5. Good for your heart

New research suggests that watermelon can reduce the risk of heart problems. In a study in 2014, overweight adults were given watermelon to eat every day and their blood pressure fell considerably as a result. The findings suggest that watermelon supports the heart when people are exposed to stressful situations.

The citrulline is the amino acid that is blamed for these wonderful effects. It helps convert toxic ammonia into urea. Nitric oxide is also produced from arginine, helping us maintain healthy vascular tone and blood pressure. Lycopene, vitamin C and A provide the antioxidants needed to get rid of harmful free radicals. It’s a heart’s dream come true, and the perfect thing to add to the dietary regime of people of all ages!

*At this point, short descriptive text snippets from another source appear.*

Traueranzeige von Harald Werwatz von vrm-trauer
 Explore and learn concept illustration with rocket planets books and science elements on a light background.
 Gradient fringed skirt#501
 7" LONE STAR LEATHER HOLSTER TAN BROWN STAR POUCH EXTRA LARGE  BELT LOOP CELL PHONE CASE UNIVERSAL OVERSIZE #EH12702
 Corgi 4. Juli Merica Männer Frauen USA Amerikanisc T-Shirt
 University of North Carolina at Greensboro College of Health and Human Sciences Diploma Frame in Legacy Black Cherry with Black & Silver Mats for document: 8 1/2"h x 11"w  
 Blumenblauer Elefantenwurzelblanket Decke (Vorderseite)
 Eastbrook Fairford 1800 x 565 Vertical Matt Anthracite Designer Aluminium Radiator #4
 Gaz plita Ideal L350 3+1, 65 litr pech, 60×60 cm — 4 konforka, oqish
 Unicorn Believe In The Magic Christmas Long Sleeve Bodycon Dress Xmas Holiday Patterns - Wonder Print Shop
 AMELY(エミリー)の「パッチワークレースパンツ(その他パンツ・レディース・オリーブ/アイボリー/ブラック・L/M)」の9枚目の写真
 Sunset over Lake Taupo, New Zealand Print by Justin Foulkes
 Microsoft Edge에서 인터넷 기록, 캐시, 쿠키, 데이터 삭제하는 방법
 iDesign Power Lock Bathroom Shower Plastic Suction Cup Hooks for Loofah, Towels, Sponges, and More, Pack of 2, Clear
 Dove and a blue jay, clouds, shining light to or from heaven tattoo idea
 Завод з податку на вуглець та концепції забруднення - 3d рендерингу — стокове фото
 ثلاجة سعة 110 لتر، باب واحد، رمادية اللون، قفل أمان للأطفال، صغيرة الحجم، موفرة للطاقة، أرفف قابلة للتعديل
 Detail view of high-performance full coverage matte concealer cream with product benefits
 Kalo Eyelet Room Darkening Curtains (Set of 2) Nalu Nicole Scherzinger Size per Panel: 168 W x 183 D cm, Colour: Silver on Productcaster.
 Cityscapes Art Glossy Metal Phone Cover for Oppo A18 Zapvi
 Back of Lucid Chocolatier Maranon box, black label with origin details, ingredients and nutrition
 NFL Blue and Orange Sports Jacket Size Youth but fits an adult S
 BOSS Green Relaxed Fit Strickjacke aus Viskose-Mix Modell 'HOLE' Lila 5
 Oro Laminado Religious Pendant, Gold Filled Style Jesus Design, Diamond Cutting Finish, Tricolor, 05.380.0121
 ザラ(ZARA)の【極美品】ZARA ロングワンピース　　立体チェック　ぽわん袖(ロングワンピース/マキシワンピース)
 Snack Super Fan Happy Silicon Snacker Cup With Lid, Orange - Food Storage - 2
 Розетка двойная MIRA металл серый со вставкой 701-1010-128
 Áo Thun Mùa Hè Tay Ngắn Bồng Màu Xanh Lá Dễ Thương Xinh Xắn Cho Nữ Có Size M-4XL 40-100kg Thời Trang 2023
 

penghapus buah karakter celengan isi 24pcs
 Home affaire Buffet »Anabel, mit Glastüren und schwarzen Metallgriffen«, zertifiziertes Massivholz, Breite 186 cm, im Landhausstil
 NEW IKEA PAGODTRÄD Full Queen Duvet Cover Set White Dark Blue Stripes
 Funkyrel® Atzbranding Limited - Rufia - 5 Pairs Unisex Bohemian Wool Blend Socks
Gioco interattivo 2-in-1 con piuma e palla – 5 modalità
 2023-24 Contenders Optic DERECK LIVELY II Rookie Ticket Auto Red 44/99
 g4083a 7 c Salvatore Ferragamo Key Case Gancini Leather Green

To find the best watermelon, look for organic, fresh, fully ripe watermelon. This is said to contain as much as 250 mg of citrulline per cupful. The flesh should be dark red to ensure a high lycopene content and from the outside, the melon should be firm smooth, with a yellowy “ground spot”, from where the melon was sat on the ground while it grew.

While your watermelon is whole, keep it in a dry, cool place. Once open, keep it in the fridge, as mentioned, in a sealed container, and eat some every day!!